L'opera è riempita da personaggi a gruppi che determinano la profondità prospettica. Imposta il quadro an plein air per poi finirlo in atelier avvalendosi dei modelli che mette in posa per ricreare la scena. Opera ricca di movimento, stato d'animo collettivo di festa, gioia. I colori si fondono con la forma, il colore genera la forma e la forma il colore. La luce spicca agli occhi di chi guarda.

Edgar Dègas

Era un uomo ricco, ha vissutto una giovinezza agiata. Il padre asseconda il figlio a seguire la strada artistica.
Si forma all'Accademia delle Belle Arti. Dègas è una figura complessa. Aveva dei dubbi sul cogliere l'impressione di ciò che si vede, in lui rimane qualcosa nella memoria, lo riprendeva per poi tradurlo sulla tela cogliendone l'essenziale.

L'assenzio artemisia

Ambientato in un caffè, Nuova Atene, esistemte e si trova a Parigi in Place de Gaulle.

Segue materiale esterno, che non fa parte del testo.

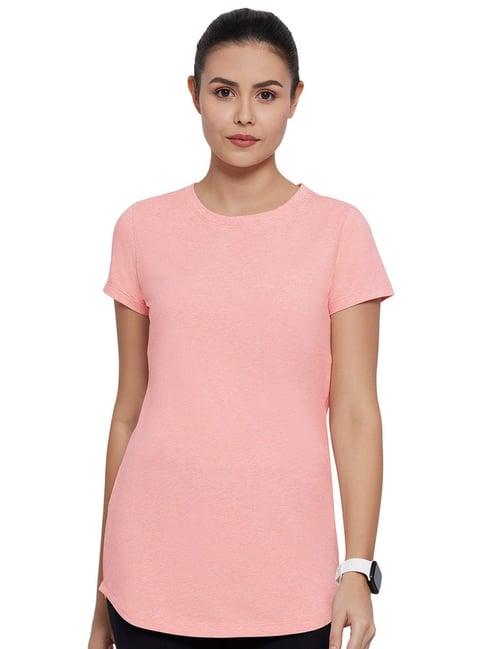 amante pink cotton sports t-shirt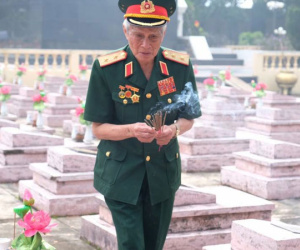 Đời thường Trung tướng Nguyễn Quốc Thước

In quest'opera non troviamo la gioia di vivere tipica di Renoir bensì la solitudine, la sbornia, la depressione. Possiamo vedere una prostituta e un barbone seduti allo stesso tavolo che non comunicano tra loro. Il soggetto non è centrale, abbiamo un'inquadratura di taglio fotografico. La prostituta ha lo sguardo assente nel vuoto, è povera ma con dei bei vestiti (patetica, perdente).
Ci sono delle corrispondenze cromatiche: assenzio/vestito, vino/vestito. Tavolozza quasi monocroma.